海と石けん。
アラスカの冬の
厳しく
暗い寒さを
足元でひたひたと感じながら
食器を洗う手のひらと
ちゃんちゃんこに隠れた
心があるらしいどこかの底は
なんだか
暖かかった。
「幸せって何」
私が一生かけて探し続けたい
そんな問いを
不意に
お世話になってる友人のお母さんに
台所でなげたくなった。
お母さんは
ちょっとびっくりしたように
洗いかけのお鍋をおく。
「クリスチャンの目線から言うとね、
神様の御心に従って生きること、
神様が私に望むことを見つけて生きてゆくことが
”幸せ” だと思うわ」
ブルーの星が散った瞳が
神様を思う優しさで
優しく、ほんのりと
染まった。
「でもね」
お母さんは、
ふと
私をじっと見た。
「自分の喜びだけを追求することが幸せだと言う人もいると思うの。
好きなものを食べて、
自分の好きなことだけをしてって。
でも結局それってね、やりすぎちゃうのよ」
そしてお母さんは、
ゆっくり
お湯に手を浸す。
「一番大切なことはね、与える者であることよ。」
お母さんの巻き毛が
ゆらりと揺れて
その大きな瞳が
じんわり涙に染まっていた。
「ホロコーストの生存者の方の本の中にね、こんな節があるのよ。
”多くの者は、あの地獄から還ってこなかった。
なぜか。
それはその多くの者が、与えるものであったからだ。
自らが飢えてもなお、最後のパンの一欠片を、
他人に与える者であったからだ ”
人はね、
どんな辛く、信じられないような地獄にいても、
人に与えることで神様の愛を感じることができるの。
そこから幸せの温もりを感じることができるのよ。

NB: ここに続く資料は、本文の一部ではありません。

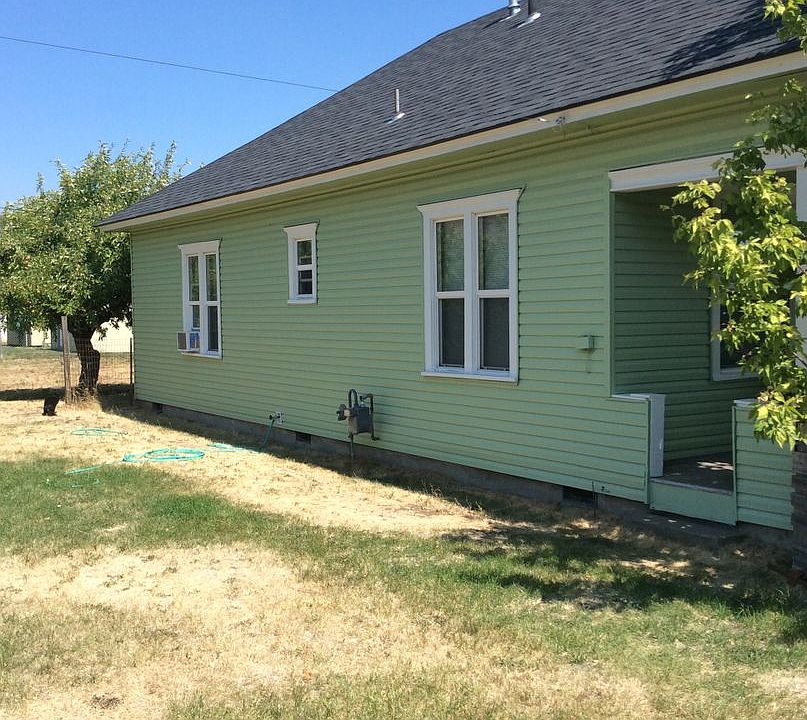 2nd image of 305 Lake Ave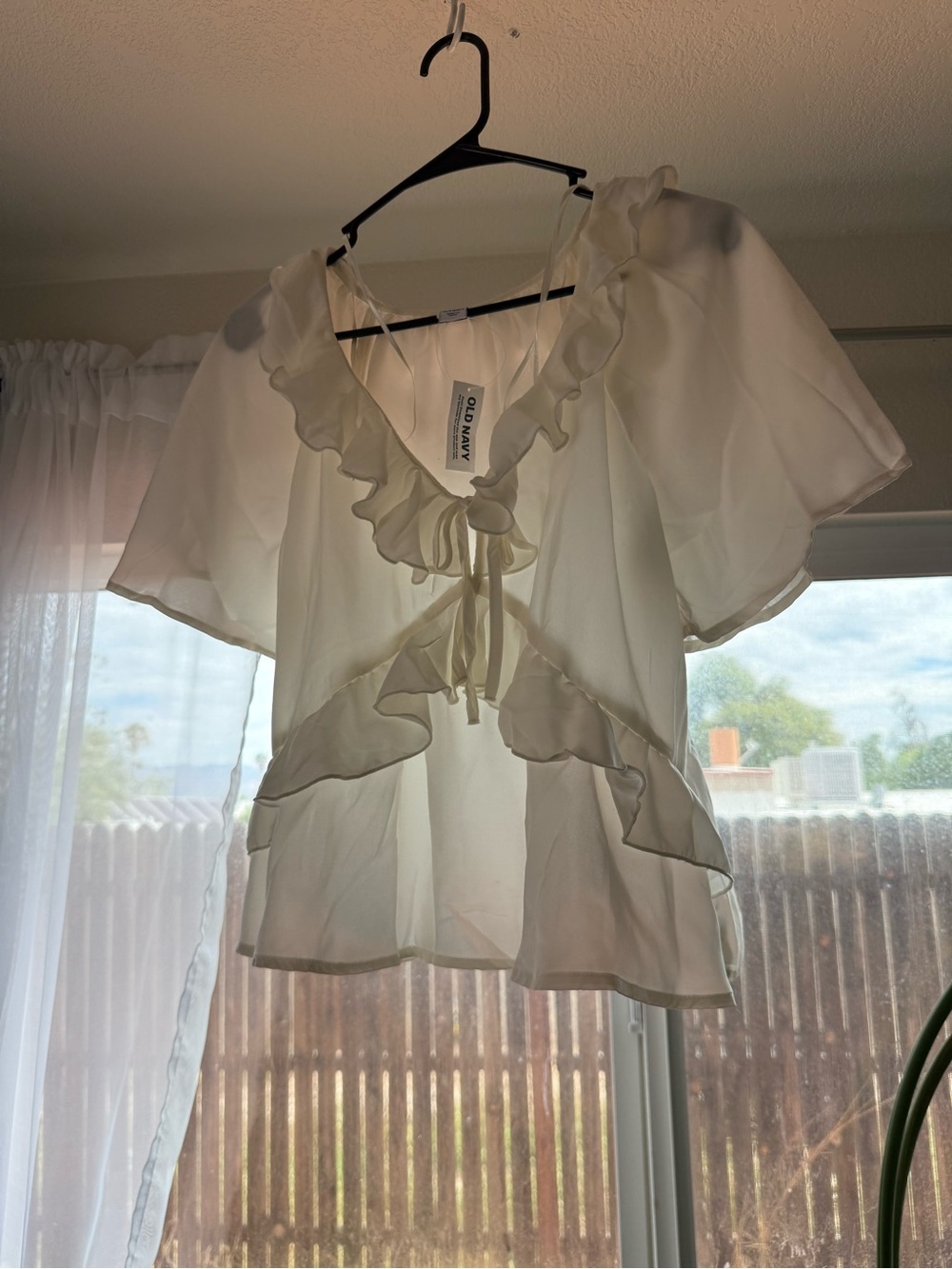 Old Navy Ivory Ruffle Tie-Front Blouse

」
大切なのは、
与える者であること。
アラスカの厳しい寒さと
夜のとばりがひっそり降りた
森の中の台所で。
もし
本当に神様というものがいるのなら
私の
なんだか荒んで
ひねくれた心を
諭そうとしてくれたのかもしれない。
ポロリと
なんだか熱いものが
頰を伝った時、
不意にそんな気がした。
自分の口から出た、
醜く
酷い言葉たち。
みんな後悔を優しく抱いて
北の海を去っていく。
海の波の
ひとしずくさえ凍るアラスカの冬。
石けんの優しい泡が
ほんのり揺れていた。
そんな一日。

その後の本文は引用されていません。